“You won’t tell your pa or anybody if I tell you?” she stipulated, when she was enthroned on Mr. Pollock’s tombstone. Opposite her the manse children lined up on another. Here was spice and mystery and adventure. Something had happened.
“No, we won’t.”
“Cross your hearts?”
“Cross our hearts.”
“Well, I’ve run away. I was living with Mrs. Wiley over-harbour. Do you know Mrs. Wiley?”
“No.”
“Well, you don’t want to know her. She’s an awful woman. My, how I hate her! She worked me to death and wouldn’t give me half enough to eat, and she used to larrup me ’most every day. Look a-here.”
Mary rolled up her ragged sleeves, and held up her scrawny arms and thin hands, chapped almost to rawness. They were black with bruises. The manse children shivered. Faith flushed crimson with indignation. Una’s blue eyes filled with tears.
“She licked me Wednesday night with a stick,” said Mary, indifferently. “It was ’cause I let the cow kick over a pail of milk. How’d I know the darn old cow was going to kick?”
A not unpleasant thrill ran over her listeners. They would never dream of using such dubious words, but it was rather titivating to hear someone else use them—and a girl, at that. Certainly this Mary Vance was an interesting creature.
“I don’t blame you for running away,” said Faith.
“Oh, I didn’t run away ’cause she licked me. A licking was all in the day’s work with me. I was darn well used to it. Nope, I’d meant to run away for a week ’cause I’d found out that Mrs. Wiley was going to rent her farm and go to Lowbridge to live and give me to a cousin of hers up Charlottetown way. I wasn’t going to stand for that. She was a worse sort than Mrs. Wiley even. Mrs. Wiley lent me to her for a month last summer and I’d rather live with the devil himself.”

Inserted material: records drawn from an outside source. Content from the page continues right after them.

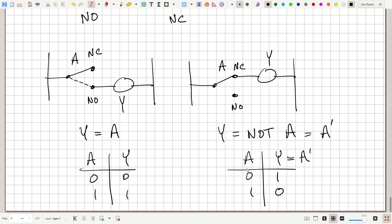The NOT operation inverts the logic state: true becomes false, false becomes true, on becomes off, off becomes on. With the three operations — AND, OR, and NOT — we can build any so-called combinational logic circuit. Another way to say this is that with AND, OR, and NOT, we can write a logic function that describes an arbitrary truth table.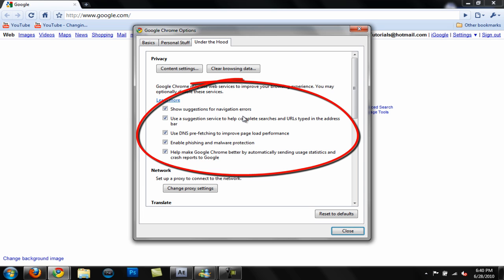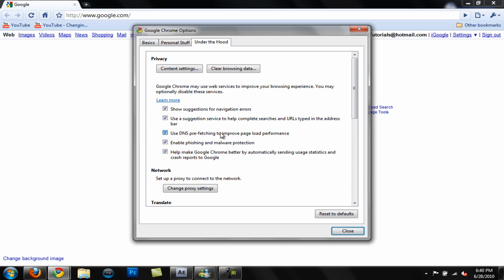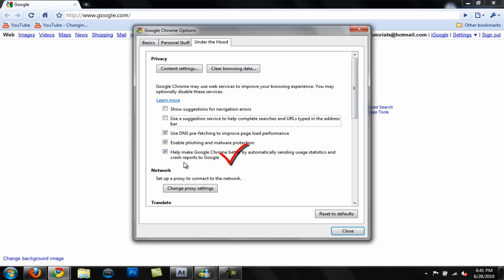You want to go to the Under the Hood tab and you'll see these five checkboxes right here with them all checked off. What you want to do is uncheck the first one which says 'Show suggestions for navigation errors,' uncheck the second one which says 'Use a suggestion service to help complete searches and URLs typed in the address bar,' and then uncheck the last one which says 'Help make Google Chrome better by automatically sending usage statistics and crash reports to Google.'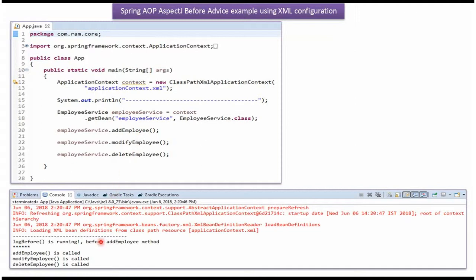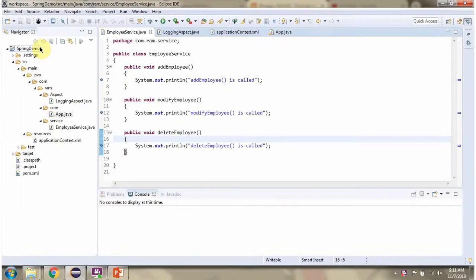Here you can see the output. LogBefore method is called before the AddEmployee method.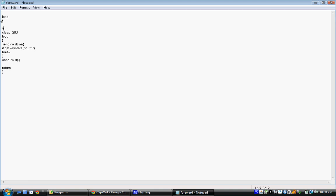but for now we're going to keep it Ctrl-R. The Sleep 200, this is basically just waiting 200 milliseconds, so not very long at all. And then it starts the actual loop that we care about.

Sensation number two. But Una looked doubtful.
“So I made up my mind I’d beat it. I had seventy cents saved up that Mrs. John Crawford give me in the spring for planting potatoes for her. Mrs. Wiley didn’t know about it. She was away visiting her cousin when I planted them. I thought I’d sneak up here to the Glen and buy a ticket to Charlottetown and try to get work there. I’m a hustler, let me tell you. There ain’t a lazy bone in my body. So I lit out Thursday morning ’fore Mrs. Wiley was up and walked to the Glen—six miles. And when I got to the station I found I’d lost my money. Dunno how—dunno where. Anyhow, it was gone. I didn’t know what to do. If I went back to old Lady Wiley she’d take the hide off me. So I went and hid in that old barn.”
“And what will you do now?” asked Jerry.
“Dunno. I s’pose I’ll have to go back and take my medicine. Now that I’ve got some grub in my stomach I guess I can stand it.”
But there was fear behind the bravado in Mary’s eyes. Una suddenly slipped from the one tombstone to the other and put her arm about Mary.